Significativo il messaggio lanciato anche dal presidente della Regione Liguria, Giovanni Toti: “parlare di crescita, di cultura, di sviluppo, e quindi di lavoro e di occupazione non può prescindere dall’importanza di farlo “in modo sostenibile. Stiamo ripartendo e speriamo che sia verso un mondo nuovo e migliore. Lo dobbiamo fare con grande attenzione a quelli che sono i nostri asset principali: la conservazione dell’ambiente, del nostro mare, la valorizzazione della nostra cultura, penso a quella della pesca e quella enogastronomica Di tutto questo si parla oggi: è bello partire di nuovo da Genova con una delle prima manifestazioni nazionali che si svolgono nel nostro Paese dopo la fase più dura della pandemia. Da Genova c’è chi è partito per mondi nuovi, speriamo che anche qua, oggi, si riesca a fare qualcosa di simile”.
Magari partendo anche dai prodotti simbolo del lavoro di Slow Food, come quelli dell’Arca del Gusto. In Italia quelli catalogati oggi sono 1077. “Dietro a ognuno di questi c’è una comunità che lavora, che si adopera per la difesa di un prodotto. Dobbiamo darci come obiettivo quello di rendere Presìdi Slow Food tutti i prodotti dell’Arca”, ha detto Carlo Petrini, indicando, ancora una volta, la strada del futuro di Slow Food.

Focus - Slow Food sul territorio
296 Condotte (i gruppi locali di Slow Food)
250 Comunità Slow Food
16 Associazioni regionali
344 Presìdi Slow Food
1.077 prodotti censiti sull’Arca del Gusto
39 Mercati della Terra
451 Orti in Condotta
20.000 soci attivi che, insieme a 100.000 volontari e attivisti, con impegno, passione e continuità portano avanti i valori dell’associazione

Focus - Il nuovo Direttivo di Slow Food e la prima presidente donna, la toscana Barbara Nappini
Il X Congresso di Slow Food Italia si conclude a Genova con l’elezione del nuovo Direttivo, l’organo politico che traccerà il cammino della Chiocciola nei prossimi quattro anni.
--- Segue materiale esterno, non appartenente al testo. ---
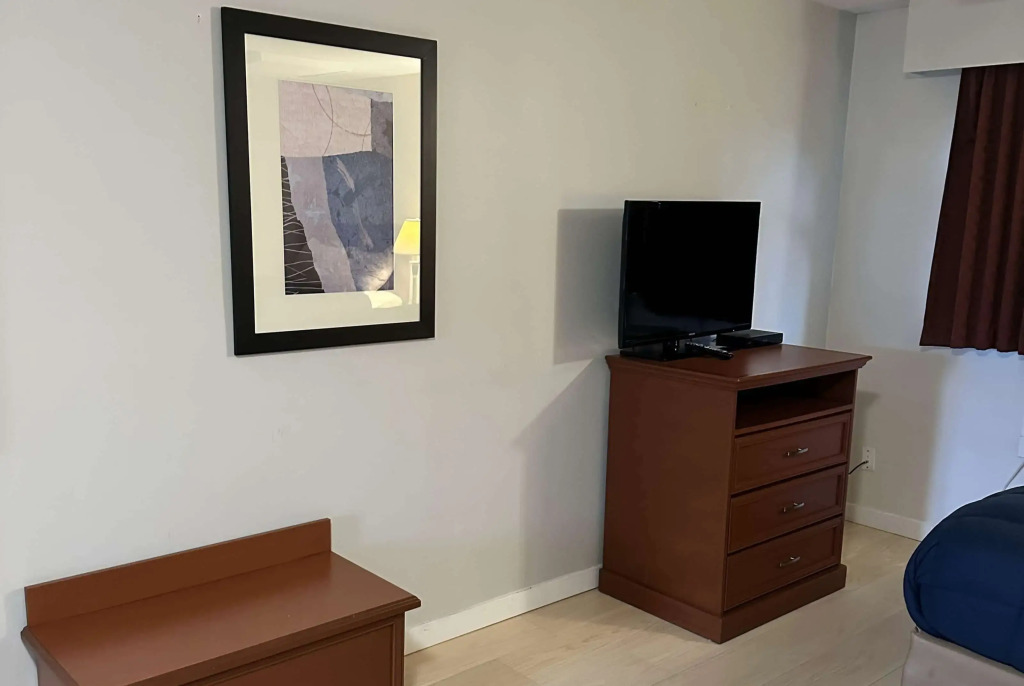 Travelodge by Wyndham Langley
La presidente è Barbara Nappini, nata a Firenze, vive nella campagna della bella Valdambra, tra Valdarno di Sopra, Siena e Arezzo.
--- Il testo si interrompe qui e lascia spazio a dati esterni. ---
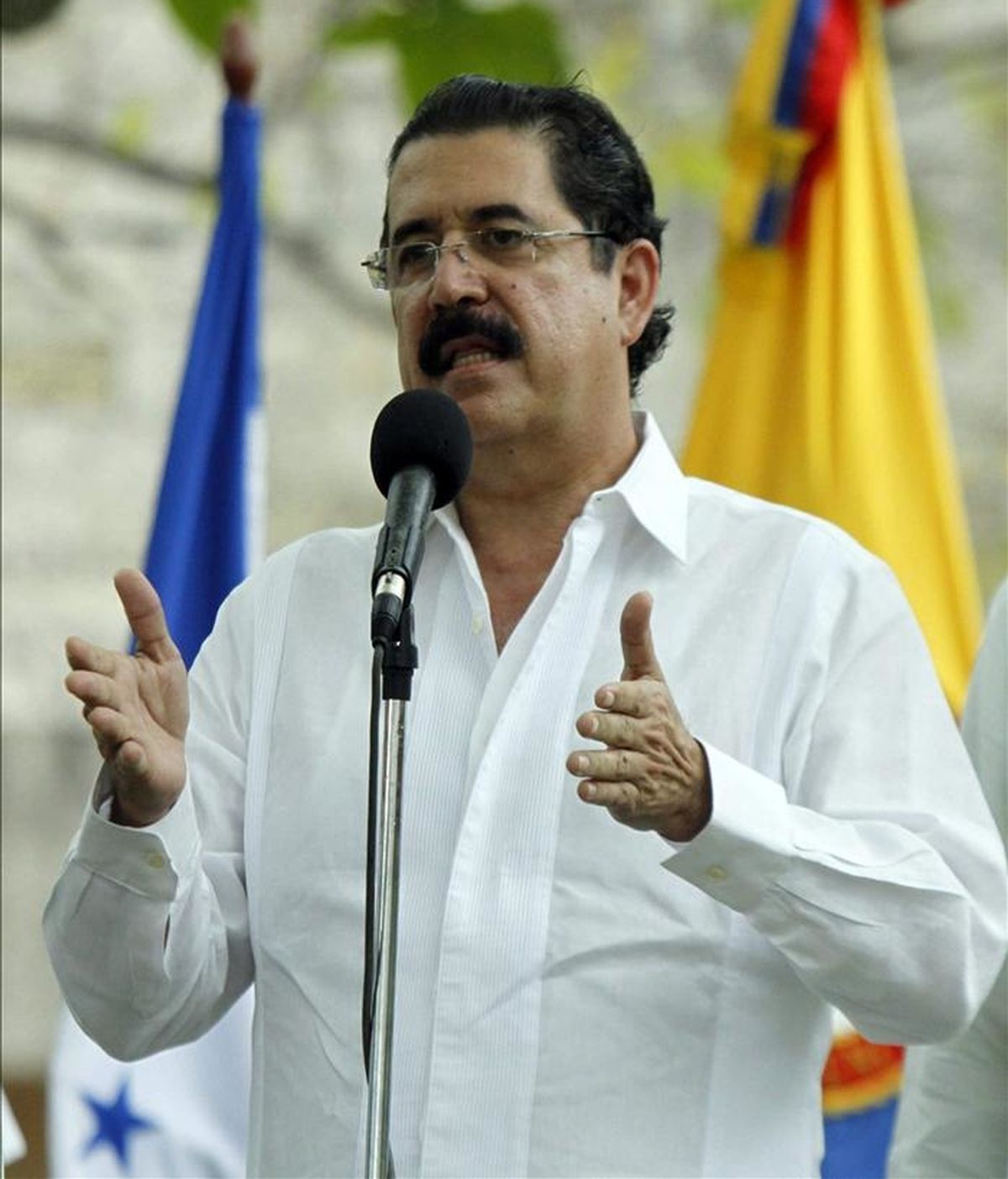 En la imagen, el expresidente de Honduras Manuel Zelaya. EFE/Archivo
Maturità linguistica nel 1993, sterza il percorso di formazione per diplomarsi in grafica pubblicitaria nel 1997. Nel 2010 si trasferisce in un casale in campagna per avviare una vita che le somigliasse di più, tra orti, boschi e olivi. Si appassiona alle tecniche agricolturali sperimentali, si misura con l’autoproduzione e fonda l’associazione Il Grano e le Rose, avviando una serie di attività: corsi di panificazione, classi di cucina, esperienze nei boschi, centri estivi residenziali, orticoltura urbana, ortoterapia con persone diversamente abili, il tutto con lo sguardo rivolto ad uno stile di vita sostenibile e responsabile. : il primo principio in permacultura è “prendersi la responsabilità”. Nel 2012 incontra Slow Food Colli Superiori del Valdarno comincia a occuparsi di progetti educativi e attività per adulti. È tra i leader del progetto Slow Food in Azione.
Con Barbara Nappini, anche la siciliana Roberta Billitteri, produttrice e Presidente dell’Associazione dei Produttori del Presìdio del Fagiolo Badda di Polizzi Generosa; il campano Giacomo Miola, presidente di Metafarm Social Food Lab, organizzazione culturale che si occupa della valorizzazione del patrimonio gastronomico e la relativa comunità locale; il lombardo Raoul Tiraboschi, avvocato civilista che si occupa dell’inserimento di persone in svantaggio sociale nella produzione e commercializzazione di verdura biologica; e l’umbro Federico Varazi, coordinatore di un gruppo di ricerca della Sezione di storia delle Geoscienze della Società Geologica Italiana e altri progetti di divulgazione scientifica.